**Records drawn from a dataset:**
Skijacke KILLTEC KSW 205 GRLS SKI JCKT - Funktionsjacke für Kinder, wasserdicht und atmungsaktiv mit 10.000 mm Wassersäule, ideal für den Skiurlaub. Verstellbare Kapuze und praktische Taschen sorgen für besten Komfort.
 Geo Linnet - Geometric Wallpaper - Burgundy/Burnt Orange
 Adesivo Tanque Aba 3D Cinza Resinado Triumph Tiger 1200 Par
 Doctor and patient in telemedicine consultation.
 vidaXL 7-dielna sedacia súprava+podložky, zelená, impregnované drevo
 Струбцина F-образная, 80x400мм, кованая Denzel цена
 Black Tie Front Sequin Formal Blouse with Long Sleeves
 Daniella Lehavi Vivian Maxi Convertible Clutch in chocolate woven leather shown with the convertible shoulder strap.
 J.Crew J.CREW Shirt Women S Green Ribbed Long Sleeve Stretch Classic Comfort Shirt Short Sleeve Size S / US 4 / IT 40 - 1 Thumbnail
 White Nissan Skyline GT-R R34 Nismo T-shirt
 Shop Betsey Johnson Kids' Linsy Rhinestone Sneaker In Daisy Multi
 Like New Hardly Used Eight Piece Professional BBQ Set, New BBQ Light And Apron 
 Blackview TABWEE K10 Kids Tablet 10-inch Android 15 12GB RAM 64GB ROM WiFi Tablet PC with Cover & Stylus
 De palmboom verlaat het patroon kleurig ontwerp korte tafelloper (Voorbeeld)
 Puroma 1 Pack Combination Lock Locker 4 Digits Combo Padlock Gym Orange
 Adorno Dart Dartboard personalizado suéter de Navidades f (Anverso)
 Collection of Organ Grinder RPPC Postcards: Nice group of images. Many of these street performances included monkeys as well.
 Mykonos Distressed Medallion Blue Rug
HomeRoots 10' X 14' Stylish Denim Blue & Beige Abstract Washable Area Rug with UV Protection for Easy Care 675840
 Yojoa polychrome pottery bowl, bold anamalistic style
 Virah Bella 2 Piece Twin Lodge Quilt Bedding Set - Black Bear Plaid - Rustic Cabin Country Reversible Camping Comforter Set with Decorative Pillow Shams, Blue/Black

**Work item:**
Using the data above, reproduce exactly the lines from the line that contains "Geo Linnet - Geometric" through the line that contains "vidaXL 7-dielna sedacia", including both.

**Completed exercise:**
 Geo Linnet - Geometric Wallpaper - Burgundy/Burnt Orange
 Adesivo Tanque Aba 3D Cinza Resinado Triumph Tiger 1200 Par
 Doctor and patient in telemedicine consultation.
 vidaXL 7-dielna sedacia súprava+podložky, zelená, impregnované drevo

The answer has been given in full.